- Opening Delimiter -

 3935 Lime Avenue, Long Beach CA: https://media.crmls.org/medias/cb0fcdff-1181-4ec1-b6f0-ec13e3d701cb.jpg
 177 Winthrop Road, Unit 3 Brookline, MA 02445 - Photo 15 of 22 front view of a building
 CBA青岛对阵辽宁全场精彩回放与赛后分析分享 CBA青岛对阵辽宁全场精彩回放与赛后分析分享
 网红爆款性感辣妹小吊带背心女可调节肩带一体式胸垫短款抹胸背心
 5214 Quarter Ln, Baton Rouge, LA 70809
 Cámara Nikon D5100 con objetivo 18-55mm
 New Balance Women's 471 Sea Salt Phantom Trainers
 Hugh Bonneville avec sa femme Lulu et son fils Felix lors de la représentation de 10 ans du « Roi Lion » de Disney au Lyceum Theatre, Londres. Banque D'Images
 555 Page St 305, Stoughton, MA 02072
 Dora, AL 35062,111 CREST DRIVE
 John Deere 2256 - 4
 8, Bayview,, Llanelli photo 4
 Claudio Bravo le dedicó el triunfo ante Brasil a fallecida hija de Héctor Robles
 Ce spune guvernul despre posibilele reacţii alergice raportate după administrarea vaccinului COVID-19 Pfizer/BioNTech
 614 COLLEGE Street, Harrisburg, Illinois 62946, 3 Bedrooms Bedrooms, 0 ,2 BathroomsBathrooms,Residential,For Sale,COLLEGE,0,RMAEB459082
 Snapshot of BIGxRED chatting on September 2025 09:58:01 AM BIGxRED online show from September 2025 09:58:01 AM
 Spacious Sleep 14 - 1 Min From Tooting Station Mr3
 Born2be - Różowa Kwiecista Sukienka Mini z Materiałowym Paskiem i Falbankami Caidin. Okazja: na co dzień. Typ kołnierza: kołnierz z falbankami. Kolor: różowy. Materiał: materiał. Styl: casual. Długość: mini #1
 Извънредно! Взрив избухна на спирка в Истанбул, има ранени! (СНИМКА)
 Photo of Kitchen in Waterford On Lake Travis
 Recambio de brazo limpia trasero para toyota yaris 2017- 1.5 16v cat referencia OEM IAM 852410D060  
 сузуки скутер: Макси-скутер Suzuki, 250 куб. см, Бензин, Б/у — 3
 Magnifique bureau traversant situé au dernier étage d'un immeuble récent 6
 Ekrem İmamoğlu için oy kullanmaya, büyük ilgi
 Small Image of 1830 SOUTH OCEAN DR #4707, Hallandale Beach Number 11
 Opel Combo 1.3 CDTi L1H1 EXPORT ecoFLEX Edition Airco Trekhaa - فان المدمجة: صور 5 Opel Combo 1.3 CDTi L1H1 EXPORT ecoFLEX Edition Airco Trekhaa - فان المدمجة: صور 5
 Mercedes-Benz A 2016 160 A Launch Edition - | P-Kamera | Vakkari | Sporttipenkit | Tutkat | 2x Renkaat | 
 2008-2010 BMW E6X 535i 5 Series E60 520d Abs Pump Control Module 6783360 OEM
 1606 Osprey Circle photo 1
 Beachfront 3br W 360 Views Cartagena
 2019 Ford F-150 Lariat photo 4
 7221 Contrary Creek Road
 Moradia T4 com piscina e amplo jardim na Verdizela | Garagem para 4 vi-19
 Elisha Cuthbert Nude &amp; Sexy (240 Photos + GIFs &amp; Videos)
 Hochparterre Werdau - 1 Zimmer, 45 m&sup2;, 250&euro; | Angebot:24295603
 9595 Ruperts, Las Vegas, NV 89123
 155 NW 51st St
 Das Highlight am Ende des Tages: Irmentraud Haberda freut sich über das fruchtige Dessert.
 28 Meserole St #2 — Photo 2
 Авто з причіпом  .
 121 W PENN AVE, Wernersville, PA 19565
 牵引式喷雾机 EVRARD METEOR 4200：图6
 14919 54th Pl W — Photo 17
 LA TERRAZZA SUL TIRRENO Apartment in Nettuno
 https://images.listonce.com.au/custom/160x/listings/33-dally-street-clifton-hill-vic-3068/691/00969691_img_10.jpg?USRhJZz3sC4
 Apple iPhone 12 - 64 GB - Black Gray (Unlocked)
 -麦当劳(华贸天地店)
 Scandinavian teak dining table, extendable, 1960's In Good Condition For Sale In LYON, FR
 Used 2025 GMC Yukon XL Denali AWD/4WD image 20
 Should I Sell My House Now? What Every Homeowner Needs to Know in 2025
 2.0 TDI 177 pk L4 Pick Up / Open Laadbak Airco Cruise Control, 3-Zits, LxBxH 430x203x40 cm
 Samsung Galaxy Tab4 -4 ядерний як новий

- Closing Delimiter -

■ Task brief
Return exactly, please, the lines of the material from the first one down to and including the line where "网红爆款性感辣妹小吊带背心女可调节肩带一体式胸垫短款抹胸背心" appears.

■ Exercise response
 3935 Lime Avenue, Long Beach CA: https://media.crmls.org/medias/cb0fcdff-1181-4ec1-b6f0-ec13e3d701cb.jpg
 177 Winthrop Road, Unit 3 Brookline, MA 02445 - Photo 15 of 22 front view of a building
 CBA青岛对阵辽宁全场精彩回放与赛后分析分享 CBA青岛对阵辽宁全场精彩回放与赛后分析分享
 网红爆款性感辣妹小吊带背心女可调节肩带一体式胸垫短款抹胸背心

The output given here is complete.